## [Required action]
The listing that follows should be copied in full and exactly, with no pictures.

## [Information shown]
◇ ◇ ◇ ◇
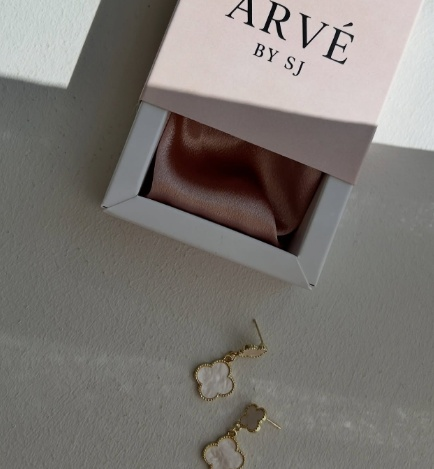 Mother-of-Pearl Clover Studs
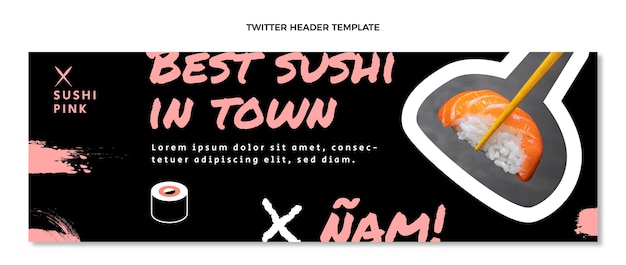 Vetor grátis cabeçalho do twitter de comida asiática com design plano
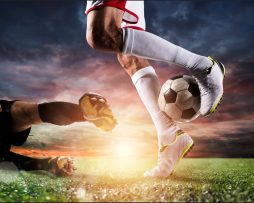 Fotobehang - Voetbal wedstrijd, te koop in 11 maten, Kinderkamer, inclusief behanglijm 450 x 300 cmcm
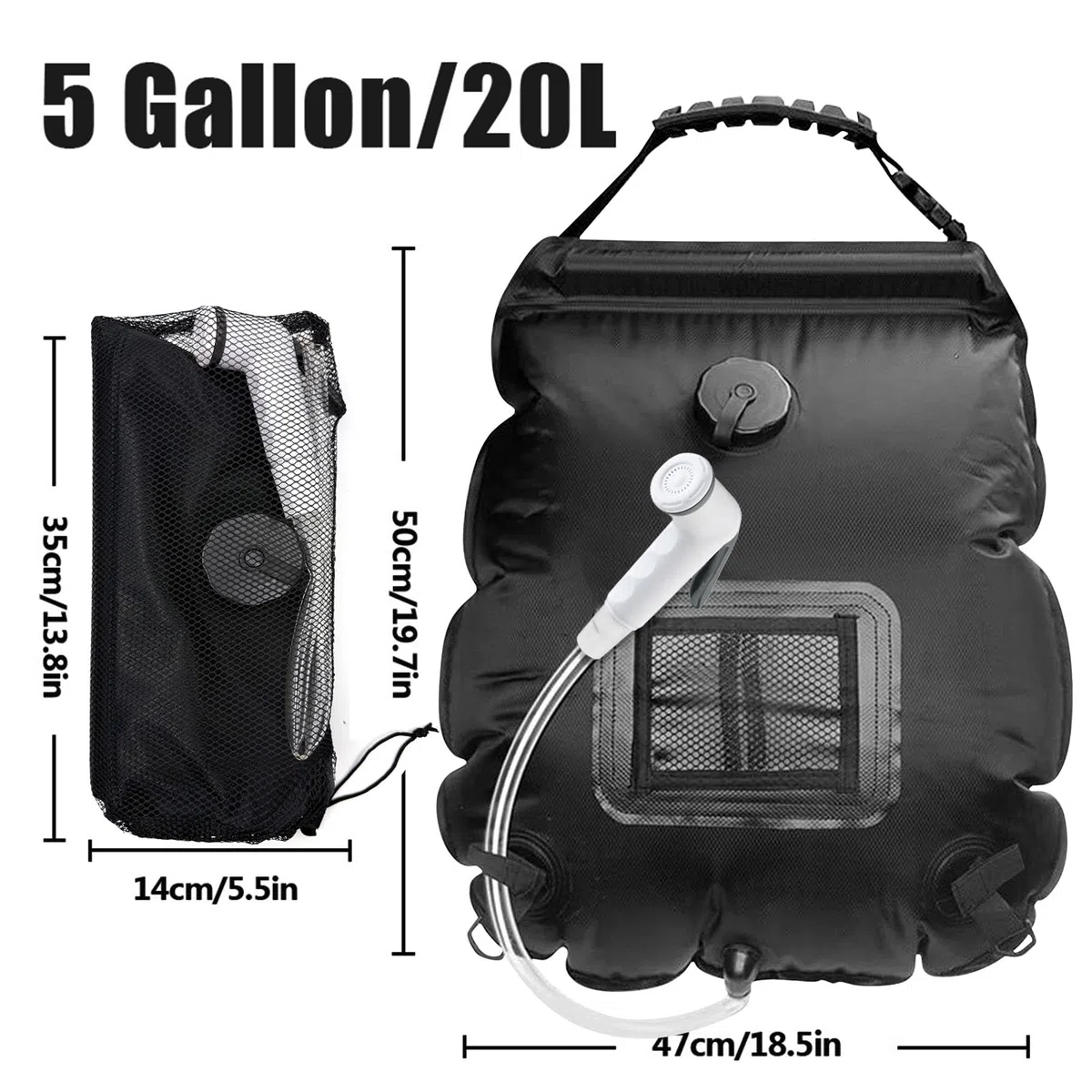 20L Bolsa de Ducha Solar,Bolsa de Agua Portátil Bolsa de Ducha,Bolsa de Ducha Viaje Portátil con Termómetro,Ducha Aire Libre Ducha con Manguera,para Acampar al Aire Libre, Senderismo, Escalada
◇ ◇ ◇ ◇
## [Output of the task]
 Mother-of-Pearl Clover Studs
 Vetor grátis cabeçalho do twitter de comida asiática com design plano
 Fotobehang - Voetbal wedstrijd, te koop in 11 maten, Kinderkamer, inclusief behanglijm 450 x 300 cmcm
 20L Bolsa de Ducha Solar,Bolsa de Agua Portátil Bolsa de Ducha,Bolsa de Ducha Viaje Portátil con Termómetro,Ducha Aire Libre Ducha con Manguera,para Acampar al Aire Libre, Senderismo, Escalada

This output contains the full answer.